Your objective: Restate each line below word for word, skipping every picture.

Data section:
==================================================

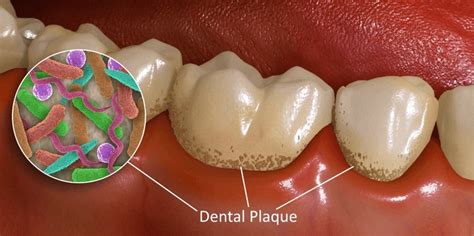 Dental Plaque Bacteria 2 Kuipers Ortho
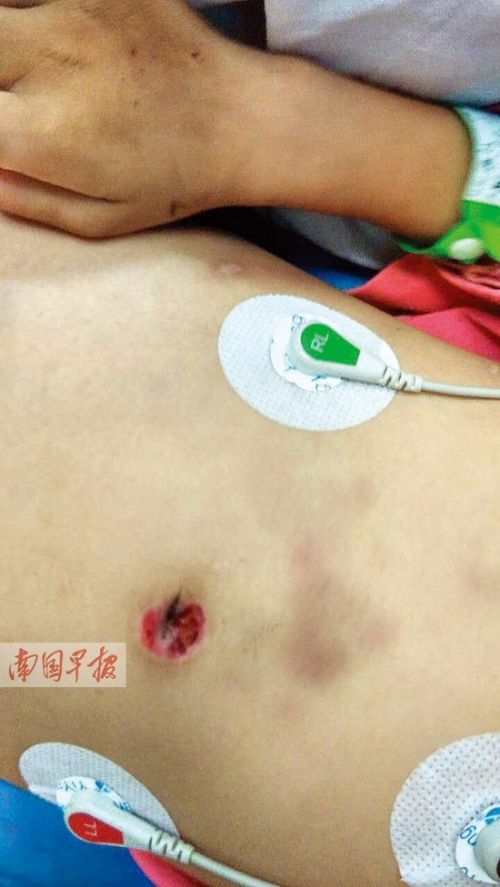 伤痕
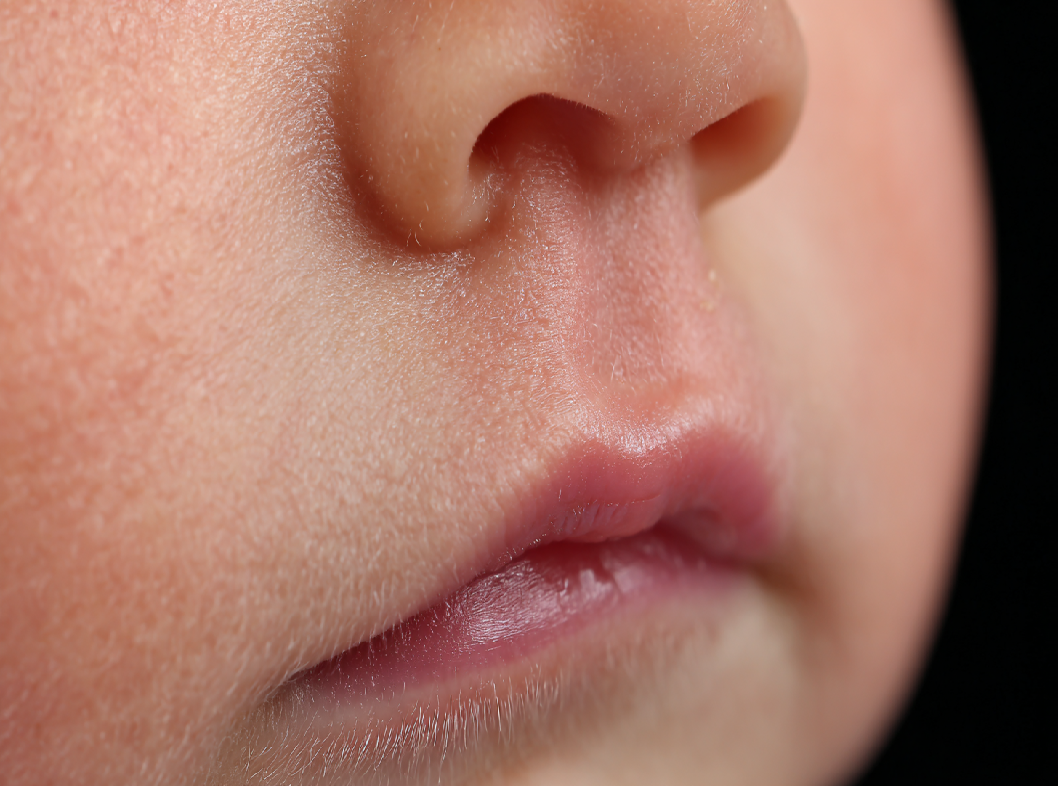 Заячья губа (расщелина губы)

==================================================

Output for this exercise:
 Dental Plaque Bacteria 2 Kuipers Ortho
 伤痕
 Заячья губа (расщелина губы)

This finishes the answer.